There has been a significant increase in the number of H1B visas being held up, an alliance of American employers representing Amazon, Google, Intel, Deloitte, and other major companies told in a letter to the U.S. Department of Homeland Security and U.S. Citizenship and Immigration Services.
The coalition named “Compete America” points out that the increase in the number of H-1B visas being held up by the country’s immigration organization has been significant and also alleged USCIS of “acting outside of its own regulations.”
The letter, which was addressed to Kirstjen Nielsen, Secretary of U.S. Department of Homeland Security, L. Francis, Cissna Director of U.S. Citizenship and Immigration Services, George Fishman Deputy General Counsel of U.S. Department of Homeland Security and Craig Symons, Chief Counsel of U.S. Citizenship and Immigration Services, urges the council members to “reevaluate the Trump administration’s unprecedented use of sub-regulatory actions to change policy governing the high-skilled immigration system.”

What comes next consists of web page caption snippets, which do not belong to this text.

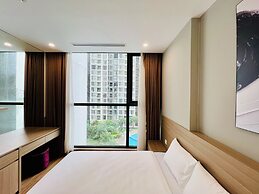 VivaLake Homes - Vinhomes Skylake Pham Hung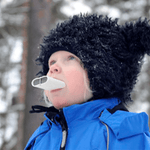 Lung Plus Junior (UV) - pikkorisport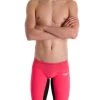 Combinaison De Natation Speedo Homme Lzr Valor Red / Black 11980B091 -Natation Équipement Magasin speedo fastskin lzr pure valor jammer 1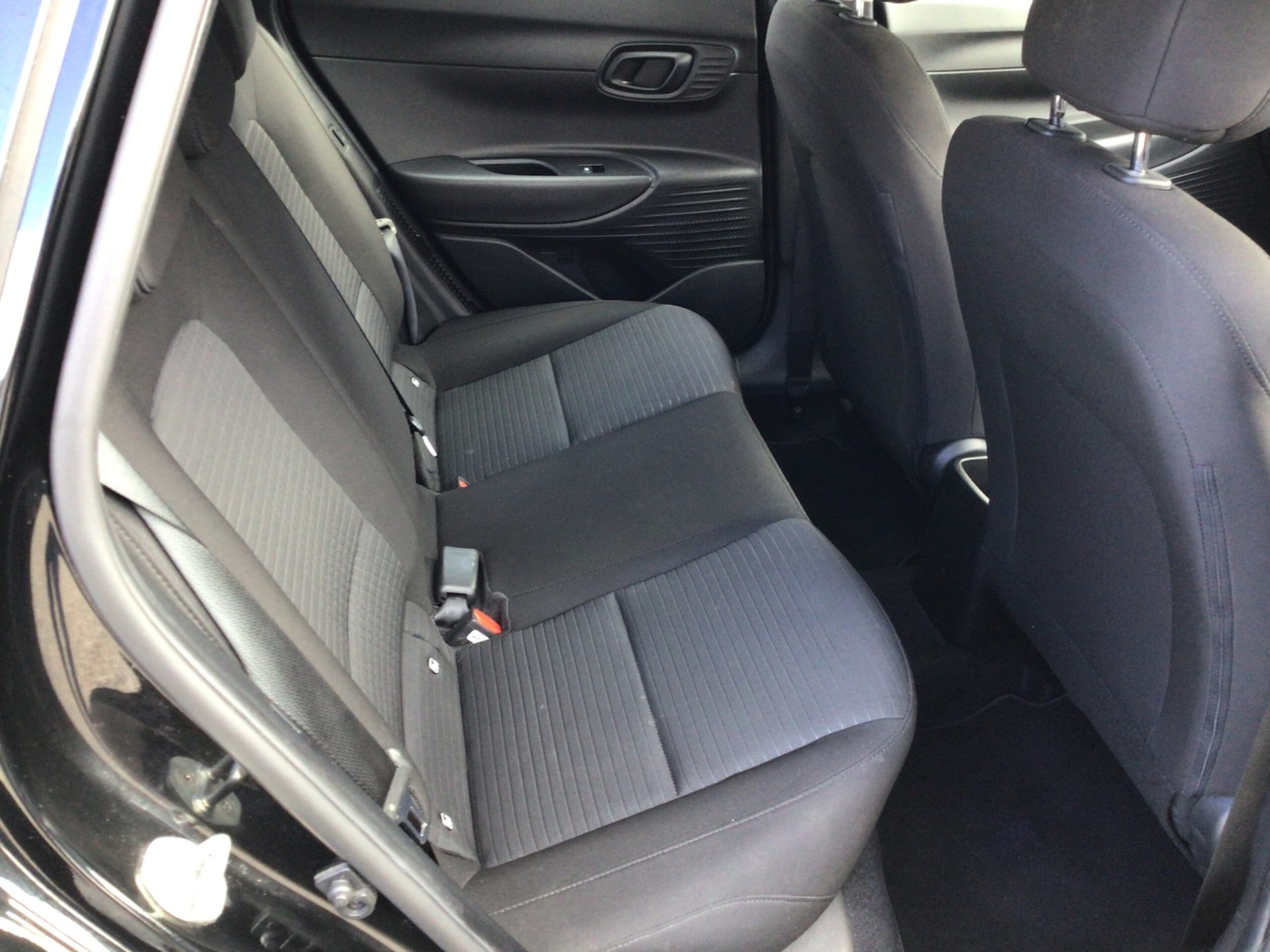 Used Hyundai i20 2022 for sale - 78064906: Photo 13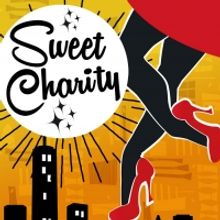 The Ritz Theatre Company Presents Bob Fosse Musical Classic SWEET CHARITY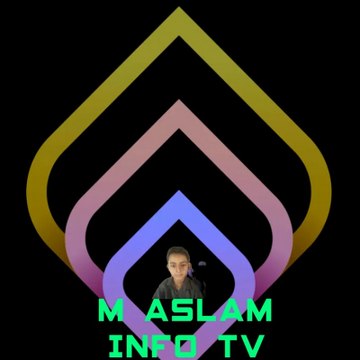 Life story with aslam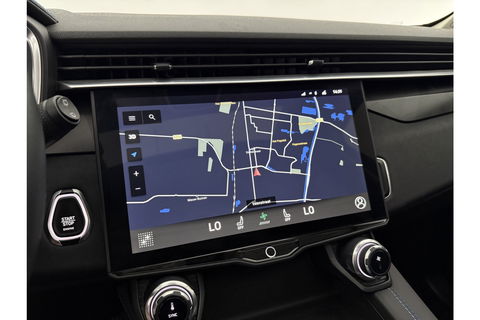 Lynk Co 01 1.5 262PK Pano LED Sfeer 360 Camera Memory ACC Virtual Carplay Clima Navi PDC 20"LMV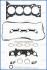 Комплект прокладок ГБЦ TOYOTA LAND CRUISER PRADO (J12,J15) 2.7i AJUSA 52282600 (фото 1)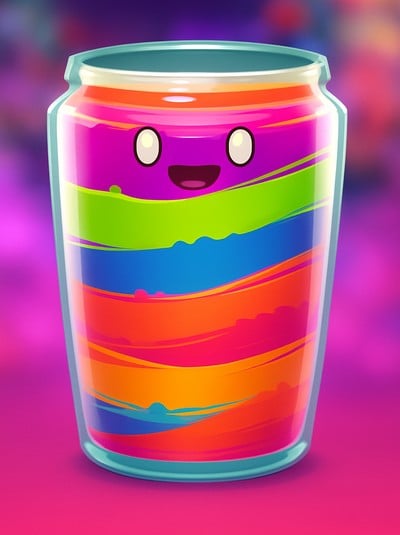 Jammin Jars 2 — слот от Push Gaming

The letter says that the coalition has observed several inconsistencies which may occur with the new regulations of H-1B visas, issued by the USCIS.
The H-1B is one of the most sought visas which lets U.S. companies to hire highly skilled foreign workers to work for the company. Indians are one of the highest applicants of H-1B visa, an earlier report said.

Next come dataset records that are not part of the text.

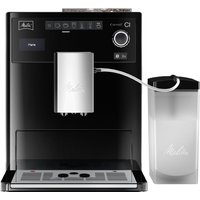 MELITTA Caffeo Cl E970-103 Bean To Cup Coffee Machine - Black, Black
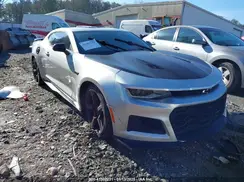 1G1FF1R75J0151327 2018 CHEVROLET CAMARO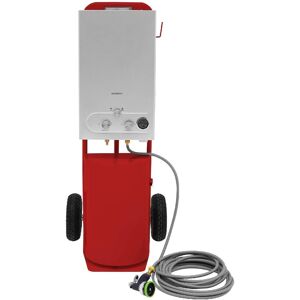 Monstershop Deluxe Portable Horse Shower - - Size: Hard > Jackson Pet Company > Grooming Monstershop Deluxe Portable Horse Shower - - Size: Hard > Jackson Pet Company > Grooming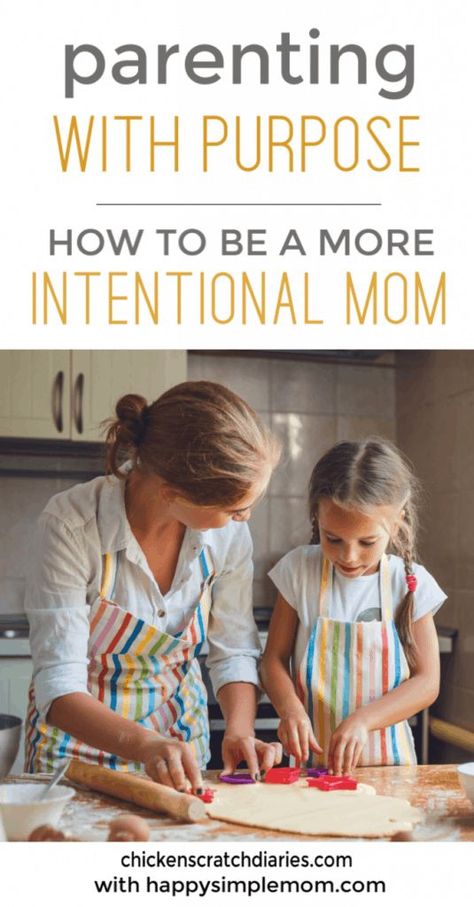 Intentional Parenting: Making Time to Connect With Your Kids » Positive parenting Intentional Parenting, Pumping Moms, Smart Parenting, Baby Sleep Problems, Natural Parenting, Parenting 101, Baby Tips, Parenting Skills, Christian Parenting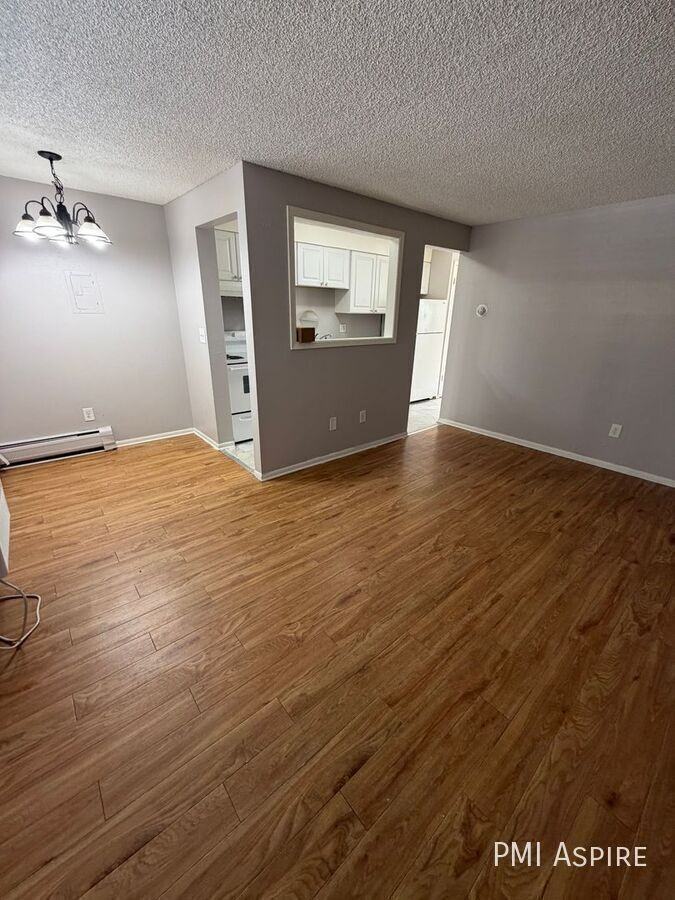 3333 S Grant St #206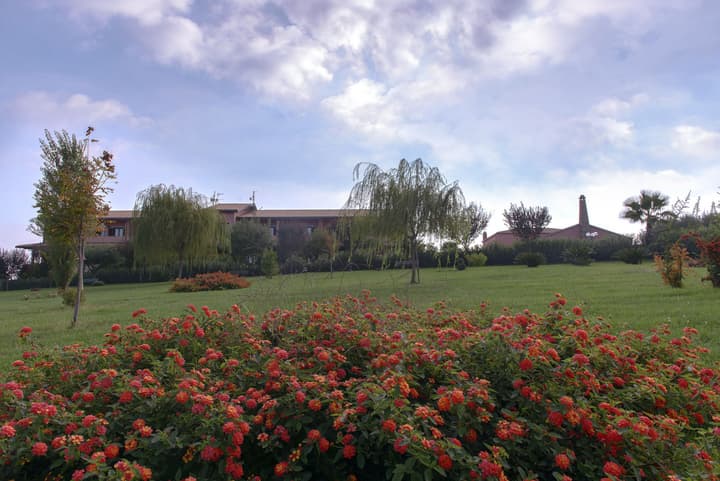 Popilia Country Resort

The letter, talking about the trouble that H-1B visa holders faced while going through a number of H-1B visa rule variations, stated, “We have observed three changes in H-1B adjudication practices under the current administration that seem to permeate most of the increased H-1B adjudication inconsistencies experienced by employers. Individuals who are in long green card backlogs and have held valid H-1B status for a decade or longer now subject to ambiguity and, consequently, possible denials, necessitating they depart the country and abandon their quest for lawful permanent resident status.”

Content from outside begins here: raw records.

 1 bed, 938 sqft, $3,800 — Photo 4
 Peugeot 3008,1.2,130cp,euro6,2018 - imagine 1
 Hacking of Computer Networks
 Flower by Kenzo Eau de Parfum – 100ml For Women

Further the letter points out that under the new regulations, “An employer requesting an extension of H-1B status for a foreign-born engineer that has held H-1B status with that employer in the same position for five years might receive a denial without the benefit of an RFE because the agency no longer has to provide deference to its prior decisions or afford the petitioner an opportunity to provide evidence if the adjudicator believes that the agency’s current view on H-1B specialty occupation disqualifies the beneficiary.”
On the other hand, White House Deputy Chief of Staff for Policy Coordination Chris Liddell said that the president wants to refurbish old H-1B policies to attract more highly skilled foreign workers, Washington Post reported.